▶ **ABOUT THIS TASK**
Could you report every line from the entries that includes the word "Shirt"?

Records drawn from a dataset:
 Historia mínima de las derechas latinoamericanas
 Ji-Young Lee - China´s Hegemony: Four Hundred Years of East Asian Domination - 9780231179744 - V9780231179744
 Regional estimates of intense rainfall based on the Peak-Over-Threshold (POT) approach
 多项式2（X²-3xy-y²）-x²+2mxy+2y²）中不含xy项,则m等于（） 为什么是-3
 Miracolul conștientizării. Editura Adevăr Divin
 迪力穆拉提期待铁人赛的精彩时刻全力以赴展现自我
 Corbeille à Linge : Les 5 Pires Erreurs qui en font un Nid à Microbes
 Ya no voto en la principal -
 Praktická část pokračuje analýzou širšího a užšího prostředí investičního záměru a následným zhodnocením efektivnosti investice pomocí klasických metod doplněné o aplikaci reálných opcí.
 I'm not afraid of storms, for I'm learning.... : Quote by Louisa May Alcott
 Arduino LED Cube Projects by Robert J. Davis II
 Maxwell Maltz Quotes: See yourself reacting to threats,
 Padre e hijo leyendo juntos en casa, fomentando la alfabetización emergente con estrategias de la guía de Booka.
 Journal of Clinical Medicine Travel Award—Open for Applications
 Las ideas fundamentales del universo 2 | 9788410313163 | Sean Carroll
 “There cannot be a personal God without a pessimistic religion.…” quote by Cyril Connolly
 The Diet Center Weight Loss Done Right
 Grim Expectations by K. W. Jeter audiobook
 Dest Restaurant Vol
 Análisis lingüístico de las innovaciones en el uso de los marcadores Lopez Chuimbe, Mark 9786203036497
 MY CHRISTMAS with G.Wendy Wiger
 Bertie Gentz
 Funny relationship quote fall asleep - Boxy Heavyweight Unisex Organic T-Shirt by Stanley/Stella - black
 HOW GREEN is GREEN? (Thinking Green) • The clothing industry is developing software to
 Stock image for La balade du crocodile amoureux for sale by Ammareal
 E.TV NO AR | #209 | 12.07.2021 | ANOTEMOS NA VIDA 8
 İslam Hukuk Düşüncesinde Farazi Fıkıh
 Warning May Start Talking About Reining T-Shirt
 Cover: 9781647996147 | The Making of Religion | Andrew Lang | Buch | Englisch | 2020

▶ **OUTPUT OF THE TASK**
 Funny relationship quote fall asleep - Boxy Heavyweight Unisex Organic T-Shirt by Stanley/Stella - black
 Warning May Start Talking About Reining T-Shirt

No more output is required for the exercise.